EDITOR’S NOTE: Updated at 9:30 a.m. EDT (1330 GMT) with ULA statement.
First hotfire of our BE-4 engine is a success #GradatimFerociter pic.twitter.com/xuotdzfDjF
— Blue Origin (@blueorigin) October 19, 2017
Blue Origin has conducted the first hotfire test of its BE-4 rocket engine in West Texas, a powerplant fueled by liquified natural gas and liquid oxygen that will power the company’s heavy-lift New Glenn rocket and perhaps United Launch Alliance’s next-generation Vulcan launcher, officials announced Thursday.
The company released a six-second video of the test-firing, showing the engine from four angles. A Blue Origin spokesperson did not respond to questions on the hotfire test, and officials did not disclose the duration of the test or the engine’s throttle setting.
Backed by Amazon.com founder Jeff Bezos, Blue Origin has developed the BE-4 engine with mostly private funding for multiple uses.
Blue Origin’s New Glenn rocket, set for an inaugural launch around 2020, will have seven BE-4 engines on its first stage, and a single BE-4 engine on its second stage. United Launch Alliance has tapped the BE-4 as the primary engine option for the Vulcan rocket, a replacement for the company’s Atlas 5 rocket scheduled to debut around the end of 2019.
The reusable BE-4 can produce 550,000 pounds of thrust at sea level, making it the highest-power methane-fueled rocket engine ever built. SpaceX is working on its own high-performance methane-burning engine, called the Raptor, which company chief Elon Musk said last month will generate around 380,000 pounds of sea level thrust.
The BE-4 hotfire test is a significant milestone in the engine’s development after Blue Origin started developing the powerplant in 2011. Blue Origin originally intended the BE-4 to produce about 400,000 pounds of thrust for its own commercial New Glenn launcher, but ULA partnered in the engine’s development in 2014, and engineers scaled it up to produce nearly 40 percent more thrust.
“Congratulations to the entire Blue Origin team on the successful hotfire of a full-scale BE-4 engine,” ULA said in a statement. “This is a tremendous accomplishment in the development of a new engine.”
Jointly owned by aerospace contractors Boeing and Lockheed Martin, ULA has partially funded the BE-4’s development with private capital, but most of the engine’s funding has come from steady investments by Bezos — the second-richest American, according to a ranking by Forbes.
The U.S. Air Force has also committed at least $46 million to help integrate the BE-4 engine on ULA’s Vulcan rocket, which the military aims to use for launches of national security satellites.
“For our new rocket, the Vulcan, the majority of its investment is private, and the majority of that is actually in our own supply chain, which, by definition, is private,” said Tory Bruno, ULA’s president and chief executive.
Bruno said in April his team would confirm the BE-4’s selection for the Vulcan rocket once the engine completed an initial series of hotfire tests.
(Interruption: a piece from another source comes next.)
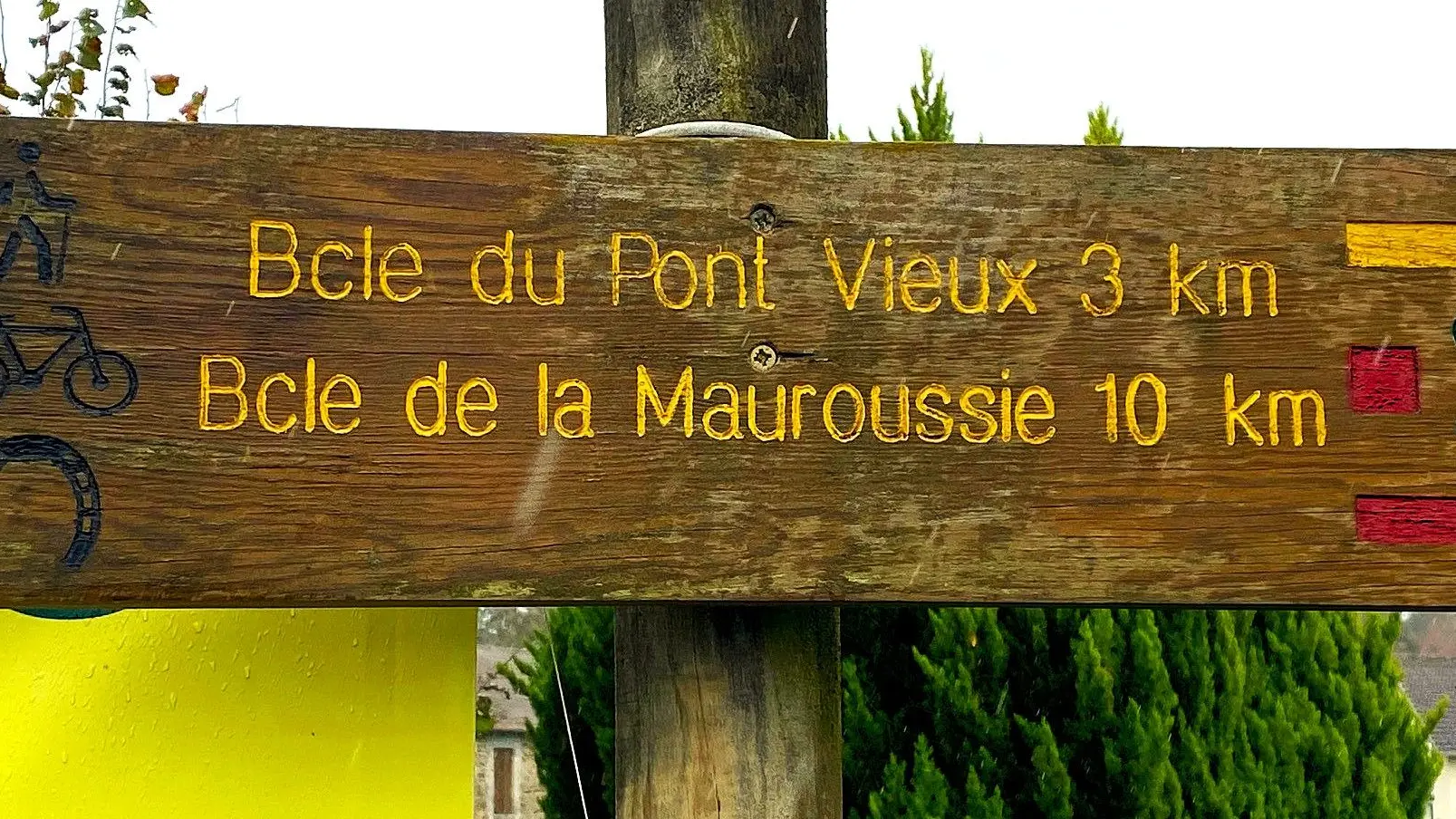 SAINT-JORY-DE-CHALAIS-Boucle du Pont Vieux-Signalétique 2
He said ULA’s engineers wanted to examine the engine’s performance before a final decision on the Vulcan’s propulsion system.
“Whenever you develop a new liquid rocket engine, if you change the fuel, or if you stay with the same fuel and change the scale of the engine, or if you keep the scale, keep the fuel but change the thermodynamic cycle … Any one of those three variables can create a situation we call combustion instability,” Bruno said.
All three variables are new with the BE-4, which uses oxygen-rich staged combustion technology, a technique that minimizes propellant waste during launch. U.S. rockets are currently powered by solid-fueled boosters or liquid-fueled engines burning RP-1 kerosene or liquid hydrogen, not liquified natural gas, or methane.
Engineers contend the methane fuel used on the BE-4 makes it easier to reuse than kerosene-fueled engines like SpaceX’s Merlin powerplant, leaving less soot and other contaminants that might need to be cleaned out between flights.
Blue Origin intends to land the New Glenn rocket’s first stage on an ocean-going barge, similar to the recovery technique pioneered by SpaceX. ULA’s Vulcan rocket will initially fly as an expendable rocket, but the company is working on plans to recover first stage engines — not the entire booster — with a parafoil and helicopter for refurbishment and reuse.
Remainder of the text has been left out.